_Dataset records_.
*** Begin section ***

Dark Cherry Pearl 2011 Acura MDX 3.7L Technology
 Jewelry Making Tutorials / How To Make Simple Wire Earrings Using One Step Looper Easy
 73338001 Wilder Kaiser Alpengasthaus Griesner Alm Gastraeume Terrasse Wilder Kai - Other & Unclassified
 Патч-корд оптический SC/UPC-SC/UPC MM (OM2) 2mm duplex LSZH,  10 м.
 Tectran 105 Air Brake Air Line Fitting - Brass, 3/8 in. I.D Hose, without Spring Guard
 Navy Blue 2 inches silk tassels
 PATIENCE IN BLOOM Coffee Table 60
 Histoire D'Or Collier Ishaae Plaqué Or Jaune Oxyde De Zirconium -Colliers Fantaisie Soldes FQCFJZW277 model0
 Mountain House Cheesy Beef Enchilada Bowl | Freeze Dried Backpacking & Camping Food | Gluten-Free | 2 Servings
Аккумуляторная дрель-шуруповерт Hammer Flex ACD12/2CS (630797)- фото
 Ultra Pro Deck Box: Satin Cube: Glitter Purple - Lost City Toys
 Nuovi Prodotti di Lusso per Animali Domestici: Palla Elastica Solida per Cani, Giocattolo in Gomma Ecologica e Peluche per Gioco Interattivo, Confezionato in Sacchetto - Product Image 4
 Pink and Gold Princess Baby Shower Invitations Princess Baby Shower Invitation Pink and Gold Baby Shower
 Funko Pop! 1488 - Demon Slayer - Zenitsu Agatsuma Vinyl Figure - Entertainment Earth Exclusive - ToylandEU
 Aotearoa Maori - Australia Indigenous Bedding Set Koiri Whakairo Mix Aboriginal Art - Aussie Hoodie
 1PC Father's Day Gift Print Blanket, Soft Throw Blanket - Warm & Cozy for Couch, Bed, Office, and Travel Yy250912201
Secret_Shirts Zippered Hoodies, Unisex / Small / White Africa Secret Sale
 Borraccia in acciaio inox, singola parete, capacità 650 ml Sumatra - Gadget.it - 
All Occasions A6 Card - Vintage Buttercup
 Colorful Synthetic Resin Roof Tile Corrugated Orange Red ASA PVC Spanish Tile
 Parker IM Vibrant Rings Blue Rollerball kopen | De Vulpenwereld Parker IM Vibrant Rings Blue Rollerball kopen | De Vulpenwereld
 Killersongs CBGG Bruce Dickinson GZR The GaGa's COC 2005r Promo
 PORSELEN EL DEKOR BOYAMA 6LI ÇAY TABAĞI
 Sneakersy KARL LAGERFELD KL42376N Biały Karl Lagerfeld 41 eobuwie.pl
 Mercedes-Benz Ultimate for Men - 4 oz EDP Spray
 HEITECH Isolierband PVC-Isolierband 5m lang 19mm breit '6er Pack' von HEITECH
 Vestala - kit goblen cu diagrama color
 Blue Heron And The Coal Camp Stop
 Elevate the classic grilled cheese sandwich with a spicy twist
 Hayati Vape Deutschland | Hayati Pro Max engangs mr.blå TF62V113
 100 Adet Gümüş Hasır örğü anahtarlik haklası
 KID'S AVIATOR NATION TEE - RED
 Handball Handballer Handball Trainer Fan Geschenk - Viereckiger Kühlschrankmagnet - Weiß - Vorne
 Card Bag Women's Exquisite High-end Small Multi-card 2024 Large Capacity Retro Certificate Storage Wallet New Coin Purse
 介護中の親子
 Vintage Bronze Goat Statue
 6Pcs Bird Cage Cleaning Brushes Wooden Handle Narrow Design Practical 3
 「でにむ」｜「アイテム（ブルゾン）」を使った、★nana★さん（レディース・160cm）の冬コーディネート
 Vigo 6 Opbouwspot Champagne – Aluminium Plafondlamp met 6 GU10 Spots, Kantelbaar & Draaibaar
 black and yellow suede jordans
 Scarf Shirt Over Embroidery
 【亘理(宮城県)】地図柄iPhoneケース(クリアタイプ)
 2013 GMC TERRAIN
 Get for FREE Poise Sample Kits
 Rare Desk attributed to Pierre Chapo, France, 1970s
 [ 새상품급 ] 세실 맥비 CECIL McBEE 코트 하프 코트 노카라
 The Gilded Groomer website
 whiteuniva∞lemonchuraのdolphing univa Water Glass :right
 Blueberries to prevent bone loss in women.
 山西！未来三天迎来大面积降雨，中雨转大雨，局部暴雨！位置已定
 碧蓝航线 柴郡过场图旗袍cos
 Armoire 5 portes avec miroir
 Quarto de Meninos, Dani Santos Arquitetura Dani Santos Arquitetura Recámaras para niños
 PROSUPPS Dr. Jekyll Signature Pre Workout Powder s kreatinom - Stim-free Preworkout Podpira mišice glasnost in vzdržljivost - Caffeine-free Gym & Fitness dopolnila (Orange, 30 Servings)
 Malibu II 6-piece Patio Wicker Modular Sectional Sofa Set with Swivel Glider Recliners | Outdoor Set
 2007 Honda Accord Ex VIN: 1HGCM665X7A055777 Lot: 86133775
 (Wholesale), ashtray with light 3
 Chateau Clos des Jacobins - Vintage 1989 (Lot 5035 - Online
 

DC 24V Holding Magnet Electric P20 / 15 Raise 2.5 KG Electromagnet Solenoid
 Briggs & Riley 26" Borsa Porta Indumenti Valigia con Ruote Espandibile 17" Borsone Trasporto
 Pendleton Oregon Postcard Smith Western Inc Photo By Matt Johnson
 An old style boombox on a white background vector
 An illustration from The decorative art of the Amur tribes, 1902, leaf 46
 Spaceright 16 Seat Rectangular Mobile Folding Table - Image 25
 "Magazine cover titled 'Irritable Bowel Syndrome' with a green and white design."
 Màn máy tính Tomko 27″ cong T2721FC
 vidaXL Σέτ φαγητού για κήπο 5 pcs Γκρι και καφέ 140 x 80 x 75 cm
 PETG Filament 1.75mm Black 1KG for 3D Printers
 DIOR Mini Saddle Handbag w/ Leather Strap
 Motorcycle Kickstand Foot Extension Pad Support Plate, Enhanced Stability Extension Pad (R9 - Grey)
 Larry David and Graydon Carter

*** End section ***

Would you show each line of the material above that contains the string "Vintage"?

All Occasions A6 Card - Vintage Buttercup
 Vintage Bronze Goat Statue
 Chateau Clos des Jacobins - Vintage 1989 (Lot 5035 - Online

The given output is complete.